> DIRECTIONS FOR THIS TASK: From the records below, transcribe exactly the lines that begin at the line with "Maple Leaf Autumn Mini Wire Earrings" and end at the line with "Portasapone bagno Ebony in poliresina nero", both included.

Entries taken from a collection
━━━━
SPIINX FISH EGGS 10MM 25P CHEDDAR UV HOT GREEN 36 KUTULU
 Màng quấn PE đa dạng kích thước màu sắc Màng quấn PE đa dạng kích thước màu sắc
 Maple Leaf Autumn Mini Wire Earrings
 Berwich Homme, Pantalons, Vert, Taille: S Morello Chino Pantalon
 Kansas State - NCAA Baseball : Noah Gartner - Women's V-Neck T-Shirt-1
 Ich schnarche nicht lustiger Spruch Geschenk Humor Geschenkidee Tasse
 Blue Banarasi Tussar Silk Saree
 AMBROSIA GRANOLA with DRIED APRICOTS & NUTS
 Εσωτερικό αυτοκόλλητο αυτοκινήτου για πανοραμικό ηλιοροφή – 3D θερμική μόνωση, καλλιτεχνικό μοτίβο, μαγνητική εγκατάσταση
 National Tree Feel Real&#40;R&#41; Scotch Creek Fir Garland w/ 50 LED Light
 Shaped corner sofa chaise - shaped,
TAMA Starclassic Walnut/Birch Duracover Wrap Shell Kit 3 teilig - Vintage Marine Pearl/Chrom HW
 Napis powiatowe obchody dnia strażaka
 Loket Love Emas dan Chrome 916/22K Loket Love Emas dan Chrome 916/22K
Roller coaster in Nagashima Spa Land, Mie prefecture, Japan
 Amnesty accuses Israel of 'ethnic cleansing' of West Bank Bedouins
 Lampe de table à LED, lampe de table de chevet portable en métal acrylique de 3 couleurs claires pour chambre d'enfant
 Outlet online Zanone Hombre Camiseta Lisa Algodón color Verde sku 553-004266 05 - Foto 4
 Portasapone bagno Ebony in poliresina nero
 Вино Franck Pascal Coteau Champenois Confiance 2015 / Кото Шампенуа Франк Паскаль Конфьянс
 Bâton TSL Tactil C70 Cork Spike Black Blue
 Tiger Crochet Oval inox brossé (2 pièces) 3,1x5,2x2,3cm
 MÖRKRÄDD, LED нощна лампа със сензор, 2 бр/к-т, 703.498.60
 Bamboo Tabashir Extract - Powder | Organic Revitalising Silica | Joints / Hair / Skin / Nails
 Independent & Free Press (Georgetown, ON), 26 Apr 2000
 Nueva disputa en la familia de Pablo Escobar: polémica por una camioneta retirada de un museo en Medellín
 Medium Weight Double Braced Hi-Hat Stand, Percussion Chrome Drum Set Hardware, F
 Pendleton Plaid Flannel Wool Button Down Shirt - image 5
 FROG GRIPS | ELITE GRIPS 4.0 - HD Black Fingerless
━━━━
> WRITTEN ANSWER:
 Maple Leaf Autumn Mini Wire Earrings
 Berwich Homme, Pantalons, Vert, Taille: S Morello Chino Pantalon
 Kansas State - NCAA Baseball : Noah Gartner - Women's V-Neck T-Shirt-1
 Ich schnarche nicht lustiger Spruch Geschenk Humor Geschenkidee Tasse
 Blue Banarasi Tussar Silk Saree
 AMBROSIA GRANOLA with DRIED APRICOTS & NUTS
 Εσωτερικό αυτοκόλλητο αυτοκινήτου για πανοραμικό ηλιοροφή – 3D θερμική μόνωση, καλλιτεχνικό μοτίβο, μαγνητική εγκατάσταση
 National Tree Feel Real&#40;R&#41; Scotch Creek Fir Garland w/ 50 LED Light
 Shaped corner sofa chaise - shaped,
TAMA Starclassic Walnut/Birch Duracover Wrap Shell Kit 3 teilig - Vintage Marine Pearl/Chrom HW
 Napis powiatowe obchody dnia strażaka
 Loket Love Emas dan Chrome 916/22K Loket Love Emas dan Chrome 916/22K
Roller coaster in Nagashima Spa Land, Mie prefecture, Japan
 Amnesty accuses Israel of 'ethnic cleansing' of West Bank Bedouins
 Lampe de table à LED, lampe de table de chevet portable en métal acrylique de 3 couleurs claires pour chambre d'enfant
 Outlet online Zanone Hombre Camiseta Lisa Algodón color Verde sku 553-004266 05 - Foto 4
 Portasapone bagno Ebony in poliresina nero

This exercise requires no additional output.